**** Given information
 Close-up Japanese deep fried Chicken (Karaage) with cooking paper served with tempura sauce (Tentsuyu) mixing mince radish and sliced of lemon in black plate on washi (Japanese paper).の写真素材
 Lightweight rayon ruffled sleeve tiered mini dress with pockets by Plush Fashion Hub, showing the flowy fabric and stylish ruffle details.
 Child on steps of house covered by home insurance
********
**** Given information
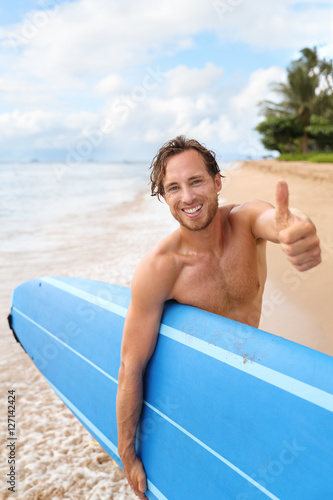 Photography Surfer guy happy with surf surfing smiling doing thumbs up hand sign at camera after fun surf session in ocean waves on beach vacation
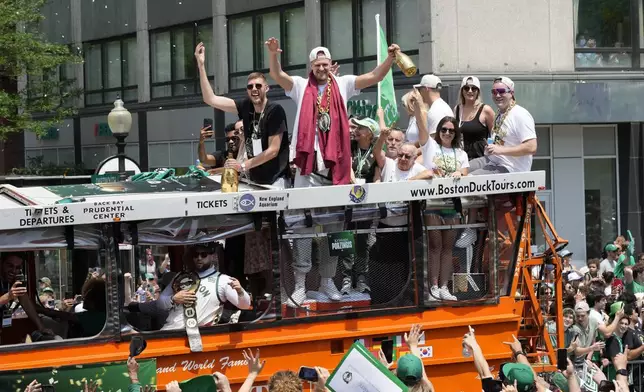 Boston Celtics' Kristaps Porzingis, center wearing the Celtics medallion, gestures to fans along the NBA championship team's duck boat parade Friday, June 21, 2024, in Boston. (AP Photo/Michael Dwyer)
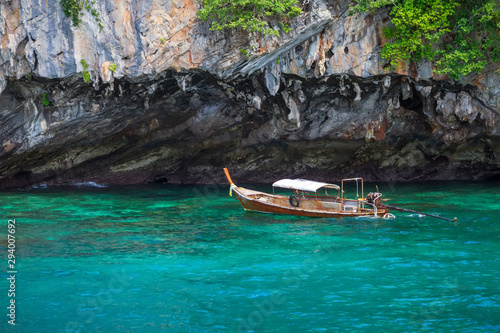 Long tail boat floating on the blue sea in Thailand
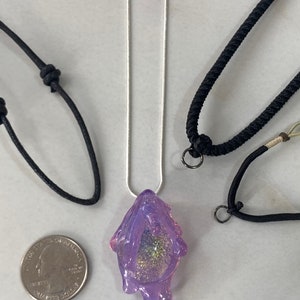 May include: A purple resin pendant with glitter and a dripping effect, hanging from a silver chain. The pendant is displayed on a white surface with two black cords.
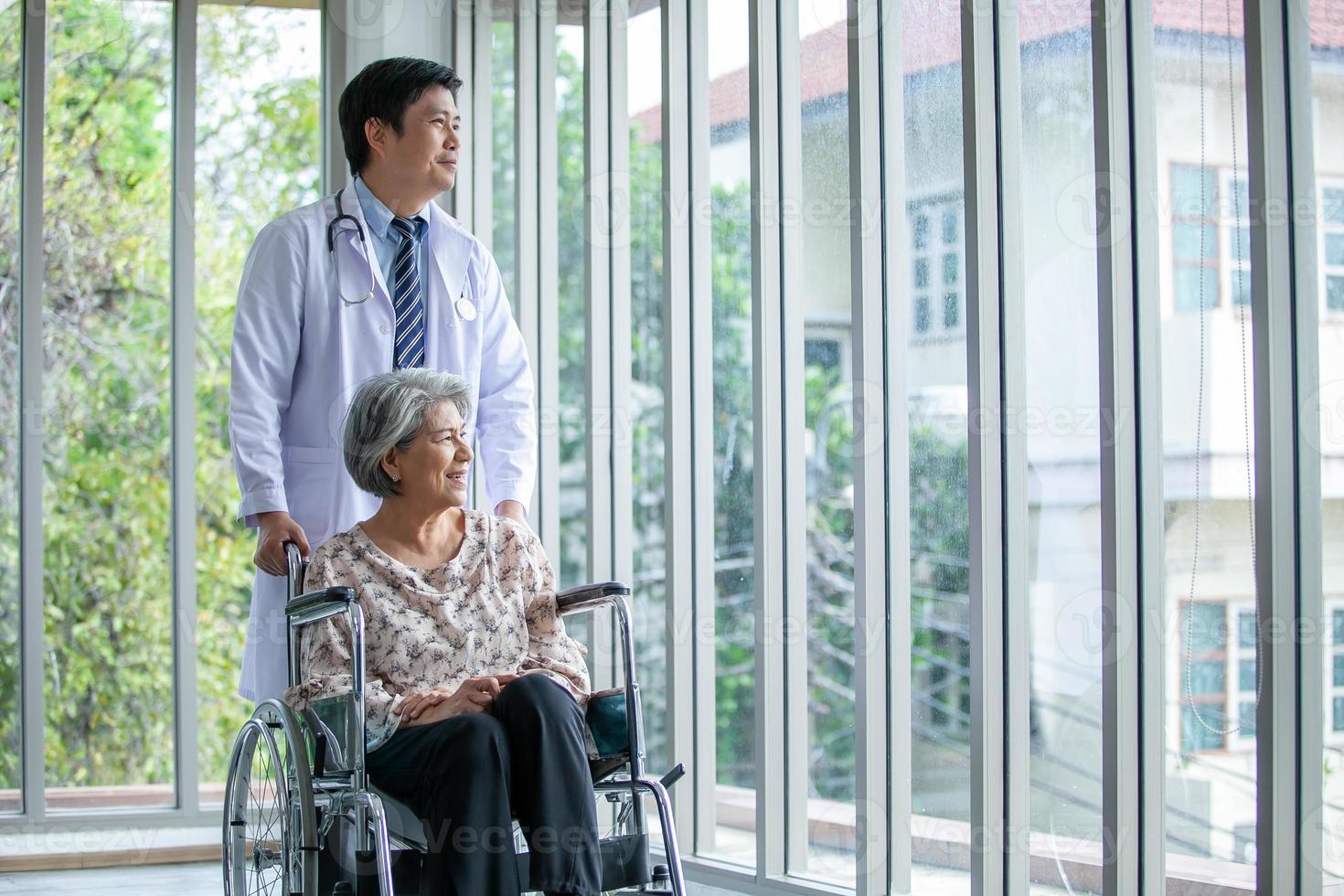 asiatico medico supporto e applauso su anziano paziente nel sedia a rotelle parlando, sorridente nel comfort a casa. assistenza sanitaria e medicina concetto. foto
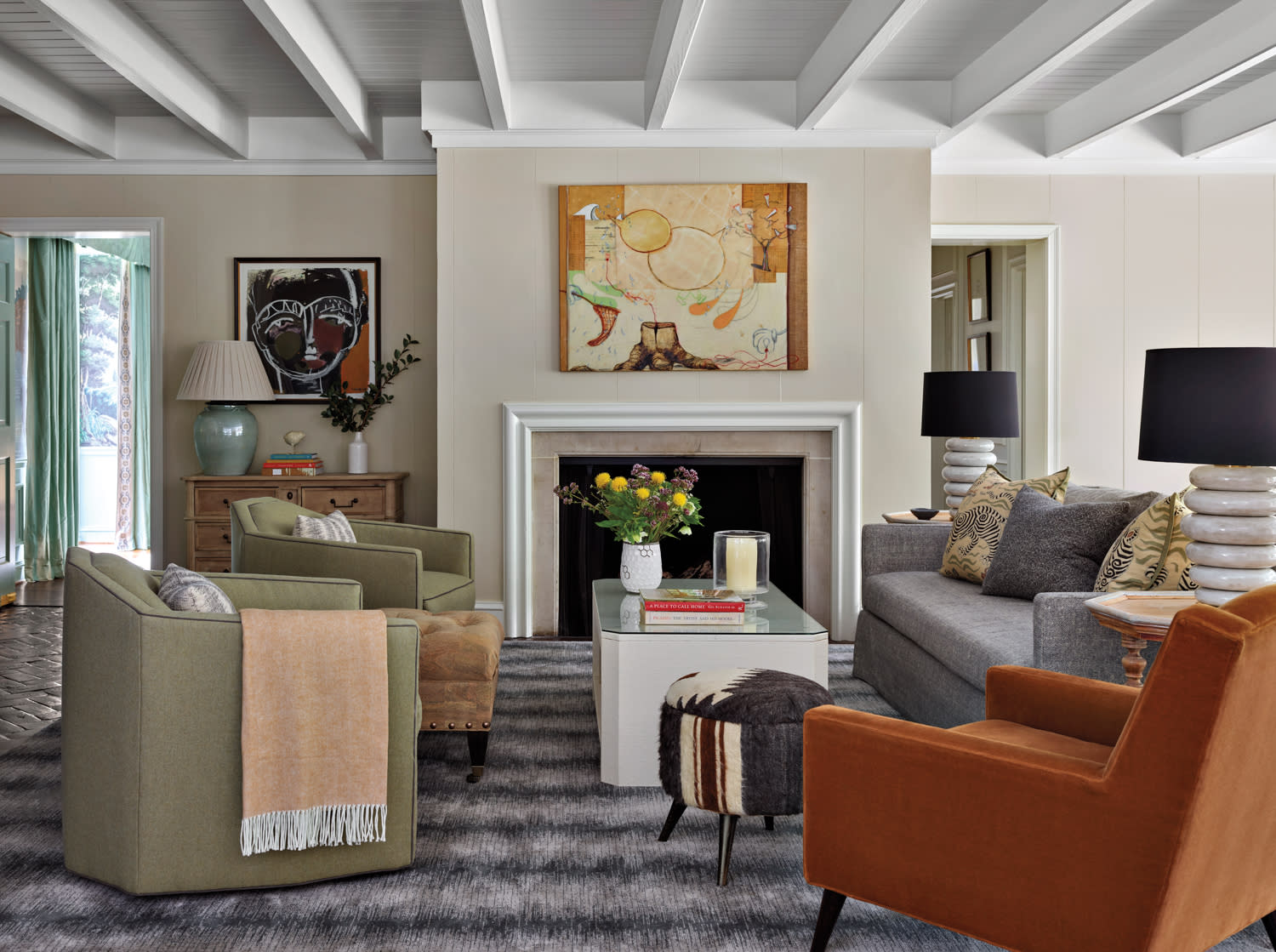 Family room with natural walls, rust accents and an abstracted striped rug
********
## Task item
Beginning with the line containing "Lightweight rayon ruffled" and ending with the line containing "Child on steps", extract those lines exactly from the listing above, and only those.

## Task solution
 Lightweight rayon ruffled sleeve tiered mini dress with pockets by Plush Fashion Hub, showing the flowy fabric and stylish ruffle details.
 Child on steps of house covered by home insurance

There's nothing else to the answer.